Тогда Роберт вытянет свои толстые распухшие лапы и покажет ей, улыбаясь, но не язвительно, а чуть меланхолически; и лишь погодя его улыбка станет холодной и гаденькой; ведь у него тоже когда-то руки были такие, как у меня, и с какой стати мне должно повезти больше, чем ему.
— У вас совершенно иное строение костей, — скажет она.
— Вы абсолютно правы, — скажет Роберт. — У него кости тоньше. С ним это случится скорее. Одрябнет и распухнет.
— Почему?
— Он не здешний. У него откажут почки, как у большинства из тех, кто родился в Европе. Они едят слишком много соли и пьют слишком много пива. — Роберт умолкнет и опять бросит камень в воду. — И так пройдет его жизнь — в пьянстве, в работе и без женщин.
— Почему без женщин?
— Не найдет он такой, которая поехала бы за ним в Эйлат. Еврейка не сможет выйти за него замуж. А женщина, родившаяся в Европе, в Эйлат не приедет. — Там, чуть поодаль, будет сидеть одна, с которой Роберт время от времени работал, сорокалетняя толстуха с одутловатым лицом. — Знаете, сколько этой девушке лет? — спросит Роберт у нашей невесты.
— Девушке?
— А как назвать женщину, которой всего двадцать семь? — скажет Роберт. — Она приехала сюда с мужем три года назад. И была самой красивой девушкой в Эйлате.
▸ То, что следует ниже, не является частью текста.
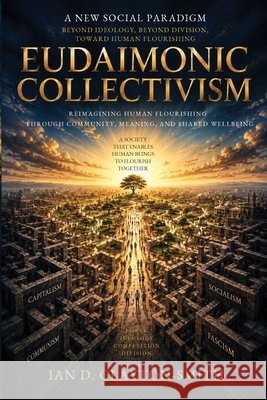 Eudaimonic Collectivism: Reimagining Human Flourishing Through Community, Meaning, and Shared Wellbeing Ian David Clayton-Smith 9781764808651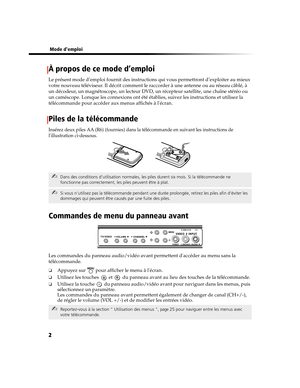 Page 1172
 Mode demploi
À propos de ce mode d’emploi
Le présent mode d’emploi fournit des instructions qui vous permettront d’exploiter au mieux 
votre nouveau téléviseur. Il décrit comment le raccorder à une antenne ou au réseau câblé, à 
un décodeur, un magnétoscope, un lecteur DVD, un récepteur satellite, une chaîne stéréo ou 
un caméscope. Lorsque les connexions ont été établies, suivez les instructions et utilisez la 
télécommande pour accéder aux menus affichés à lécran.
Piles de la télécommande
Insérez...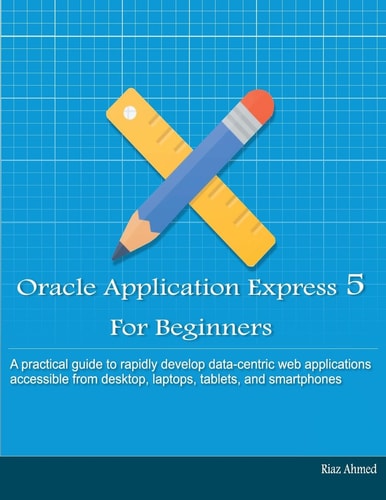 Oracle Application Express 5 for Beginners A Practical Guide to Rapidly Develop Data-centric Web Applications Accessible from Desktop, Laptops, Tablets and Smartphones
Тут разговор ненадолго оборвется, а толстуха будет ждать, когда Роберт кинет камень в воду, и это будет сигнал, что ей можно уйти, а вечером она получит пять фунтов: столько мы платим нашей статистке, а пять фунтов не так уж и мало за час сидения на пляже. И тогда эта колода встанет и уйдет, неуклюже переставляя ноги, а наша невеста проводит ее взглядом, и Роберт подождет, покуда на ее лице не появится отвращение.
— Видите, — скажет Роберт.
— Печально.
Роберт грубо дернет ее за руку.
— Не лгите, — скажет он. — Жаль, что вы не видели своего лица. У вас на лице не было ничего, кроме отвращения. Этот человек, — и тут Роберт укажет на меня, — слишком мне близок, и я не хочу, чтобы ему сочувствовали. Лучше уж отвращение. Надежнее.
— Какой вы жестокий, — скажет она.
— Нет, — скажет он. — Я лишь однажды поступил с ним жестоко и никогда себе этого не прощу. Он уплыл в море, а я в последний момент взял моторку, догнал его, оглушил ударом весла и втащил в лодку. И вот этого не могу себе простить.
Туг Роберт прикусит язык, испугавшись, как бы ей ненароком не пришло в голову, что, коли уж у лодки есть мотор, нет нужды в весле; и, замолчав, будет потеть и дрожать. Только ей ничего такого в голову не придет.
— Он что, не умеет плавать? — спросит она.
— Он один из лучших пловцов в Эйлате, — скажет Роберт. — Поэтому ему удалось так быстро уплыть так далеко. Но ведь у него была своя задача.